YALAKALIĞIN ZİRVESİ VE ŞARKI SÖZLERİ!


YALAKALIĞIN ZİRVE YAPTIĞI TWİT!

Düzce Belediyesi İnsan Kaynakları Müdürü Burçin Sarıcan, sosyal medya hesabından “İstanbul’un yönetimi referans olarak alınacaksa siyaset tarihinin tartışmasız en büyük lideri  R. Tayyip Erdoğan, ülke yönetimleri referans alınacaksa kainatın lideri yine Erdoğan..” diye paylaşımda bulundu.

CHP Milletvekili Mahmut Tanal da, bu paylaşıma tepki göstererek, “Yalakalığın zirve yaptığı twit” dedi.

Sarıcan’ın paylaşımına sert eleştiriler ve tepkiler de gösterildi.

Çok az da olsa tarih, siyaset ve din tarihini bilen herhangi biri, sıradan bir Müslüman dahi Erdoğan’ı “kainatın lideri” olarak tanımlamaz, tanımlamaya cüret edemez.

Erdoğan’a böyle bir sıfatı yakıştıran da, son İslam peygamberine saygısızlık, hatta hakaret etmiş olur.

Sezen Aksu’nun 5 yıl önce çıkardığı şarkıda, Allah’ın yasağını çiğnedikleri ve şeytana uydukları için cennetten kovulan Adem ve Havva için kullandığı “cahil” sözcüğü bile, “kainatın lideri” ifadesinin yanında çok hafif kalır.

Utanmasa, belki de kainatın efendisi diyecekti..

Burçin Sarıcan’ın bu ilk icraatı değil. Sosyal medya hesapları üzerinden muhalefetin aleyhine sürekli siyasi paylaşımlarda bulunduğu, adeta AK Parti’nin militanı gibi hareket ettiği biliniyor.

Belediye gibi kamu kuruluşunda memur sıfatıyla görev yapanların, siyasi  militanlık yapmaları kabul edilemez.

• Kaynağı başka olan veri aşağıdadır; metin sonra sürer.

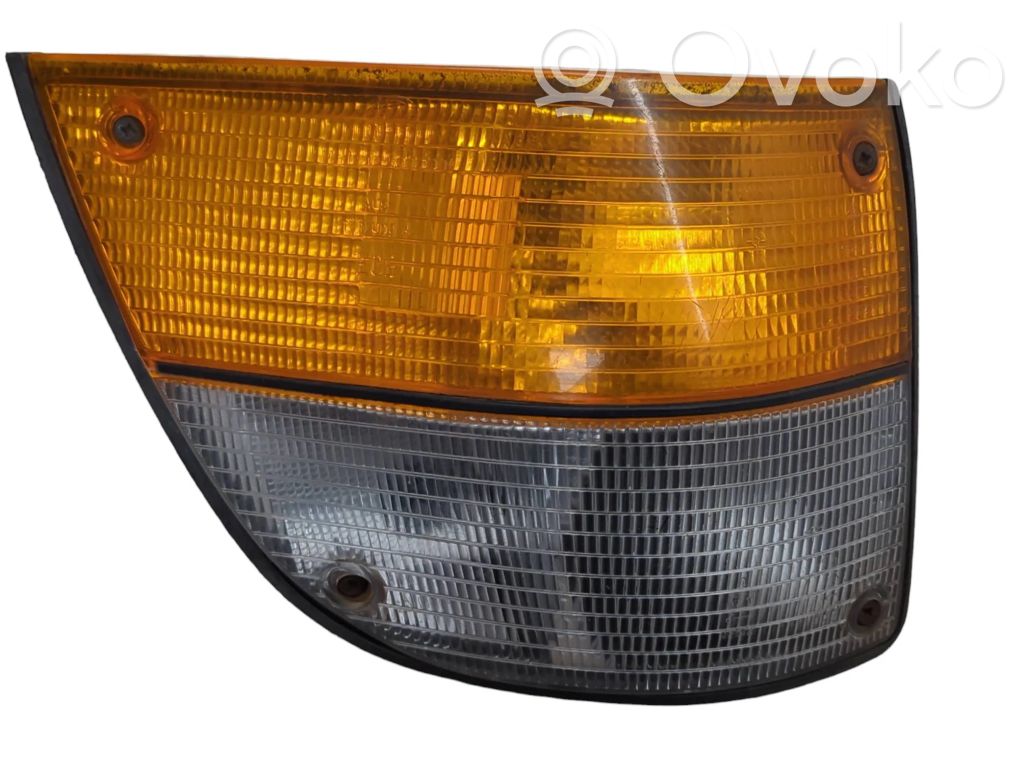 Front indicator light   53292R6,8582249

Mensup olduğu siyasi partinin gücüne ya da bağlı bulunduğu belediye başkanına güvenerek hiçbir maaşlı memur, trollük yapamaz.

Maaşını halkın ödediği vergilerden alan, kamu kaynaklarını kullanan biri muhalefete saldıramaz.

Peki nasıl oluyor da Belediye Başkanı Faruk Özlü, altındaki bir memurun siyasi militanlık yapmasına izin veriyor?

Yıllarca memur olarak üst düzey bürokratlık yapmış, bürokratlığı döneminde muhalefetin de saygısını kazanmış, işini ve görevini yaparken siyasi görüş ve düşüncelerine göre değil, devletin ve kurumun ilke ve teamüllerine göre hareket etmiş Faruk Özlü’nün, altında maaşlı çalışan birinin siyasi militanlık yapmasına izin vermesi oldukça düşündürücüdür..

 

MİHRABIM DİYEREK SANA YÜZ VURDUM!

 

Sezen Aksu’nun 5 yıl önce çıkardığı “Şahane bir şey yaşamak” isimli şarkısında Adem ve Havva ile ilgili “cahil” sözü üzerinden kıyamet kopartıldı.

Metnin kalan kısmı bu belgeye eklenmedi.